TASK ITEM: An exact transcript is required of the lines below, from the one containing "Kandiny Kinder Maja" through the very last; leave every picture out of it.

INFORMATION:
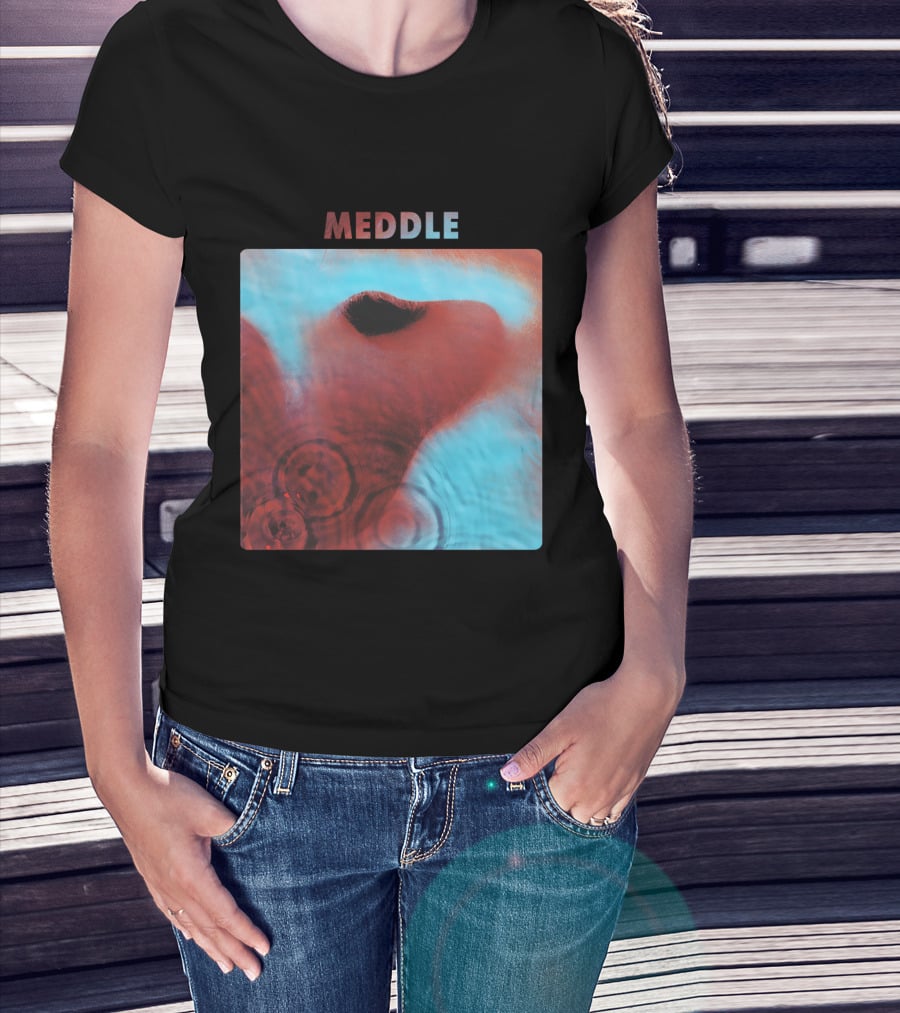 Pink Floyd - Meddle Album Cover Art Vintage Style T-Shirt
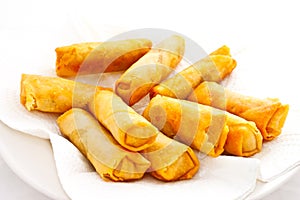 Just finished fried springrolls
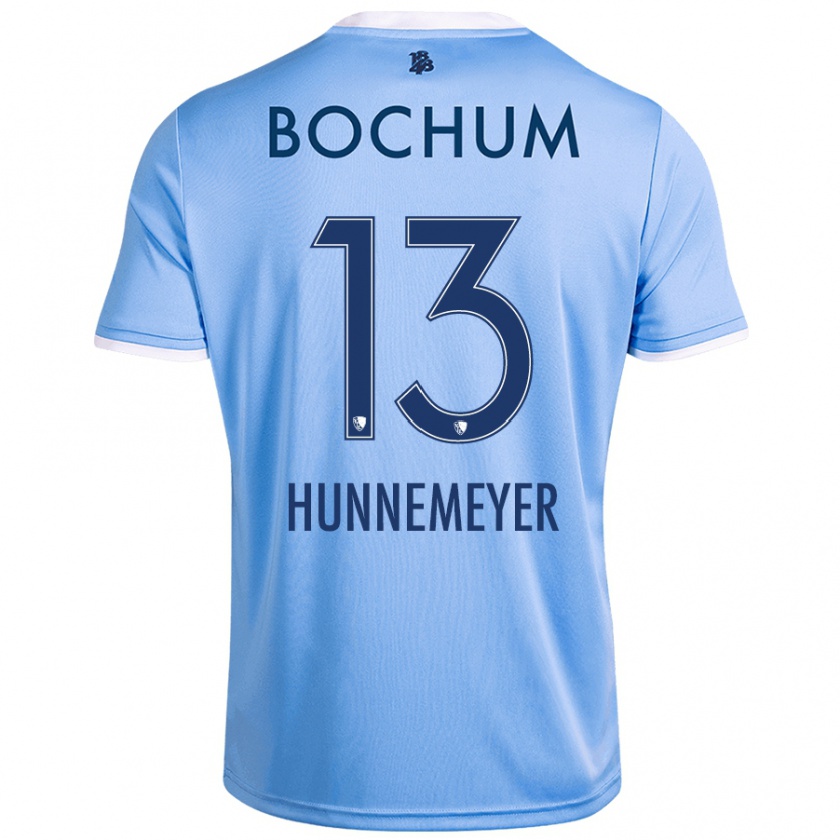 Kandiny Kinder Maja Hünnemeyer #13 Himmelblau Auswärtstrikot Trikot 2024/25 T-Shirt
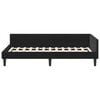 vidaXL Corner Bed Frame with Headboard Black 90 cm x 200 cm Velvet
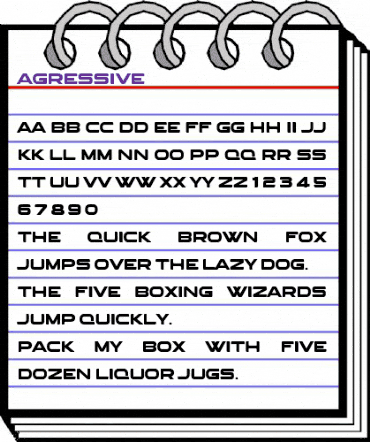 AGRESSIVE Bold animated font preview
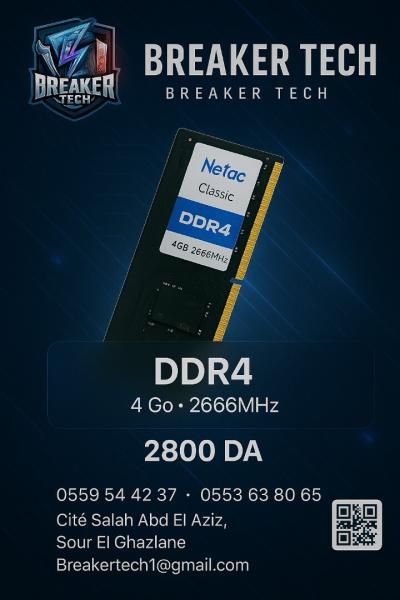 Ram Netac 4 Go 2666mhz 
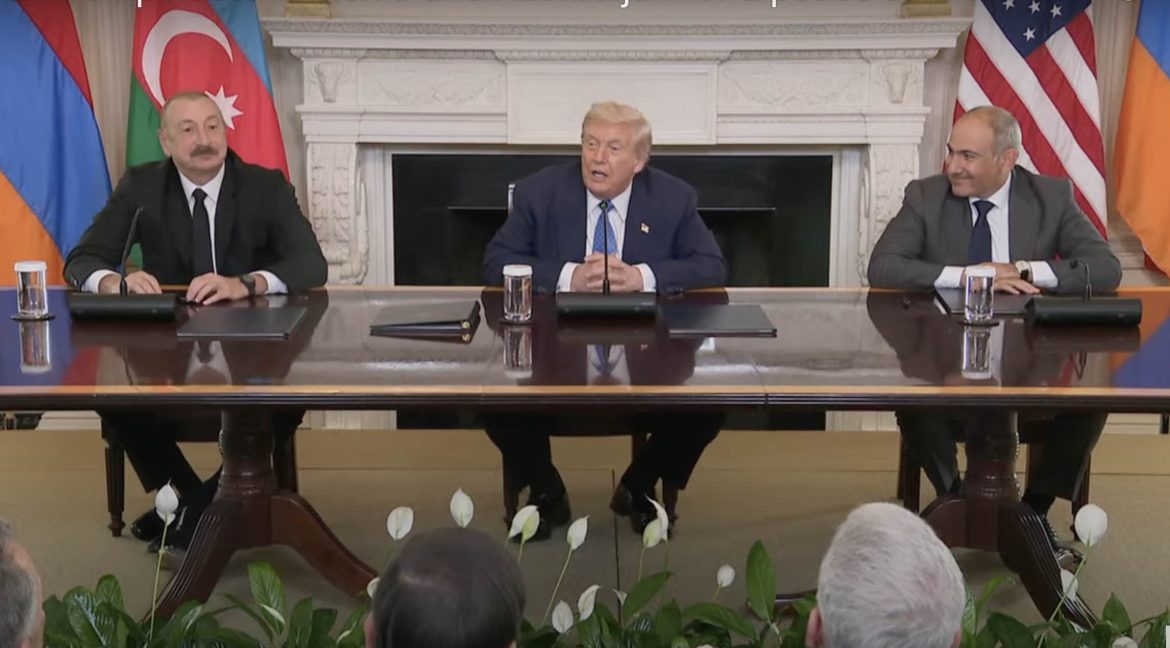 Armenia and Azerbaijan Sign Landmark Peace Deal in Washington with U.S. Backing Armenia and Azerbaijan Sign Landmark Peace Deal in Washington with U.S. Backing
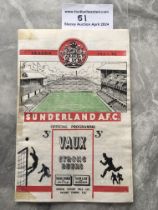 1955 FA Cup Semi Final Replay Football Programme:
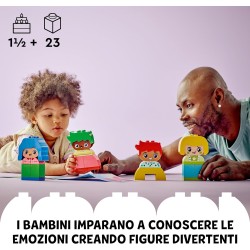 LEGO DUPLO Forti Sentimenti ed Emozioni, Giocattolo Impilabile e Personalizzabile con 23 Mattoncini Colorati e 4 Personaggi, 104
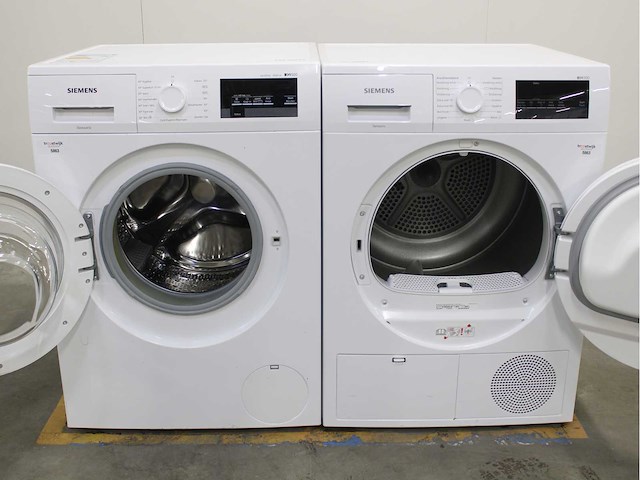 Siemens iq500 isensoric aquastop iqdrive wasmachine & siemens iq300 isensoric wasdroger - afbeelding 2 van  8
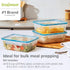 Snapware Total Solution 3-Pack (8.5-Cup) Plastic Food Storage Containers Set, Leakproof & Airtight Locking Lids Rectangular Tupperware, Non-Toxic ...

OUTPUT BELOW:
 Kandiny Kinder Maja Hünnemeyer #13 Himmelblau Auswärtstrikot Trikot 2024/25 T-Shirt
 vidaXL Corner Bed Frame with Headboard Black 90 cm x 200 cm Velvet
 AGRESSIVE Bold animated font preview
 Ram Netac 4 Go 2666mhz 
 Armenia and Azerbaijan Sign Landmark Peace Deal in Washington with U.S. Backing Armenia and Azerbaijan Sign Landmark Peace Deal in Washington with U.S. Backing
 1955 FA Cup Semi Final Replay Football Programme:
 LEGO DUPLO Forti Sentimenti ed Emozioni, Giocattolo Impilabile e Personalizzabile con 23 Mattoncini Colorati e 4 Personaggi, 104
 Siemens iq500 isensoric aquastop iqdrive wasmachine & siemens iq300 isensoric wasdroger - afbeelding 2 van  8
 Snapware Total Solution 3-Pack (8.5-Cup) Plastic Food Storage Containers Set, Leakproof & Airtight Locking Lids Rectangular Tupperware, Non-Toxic ...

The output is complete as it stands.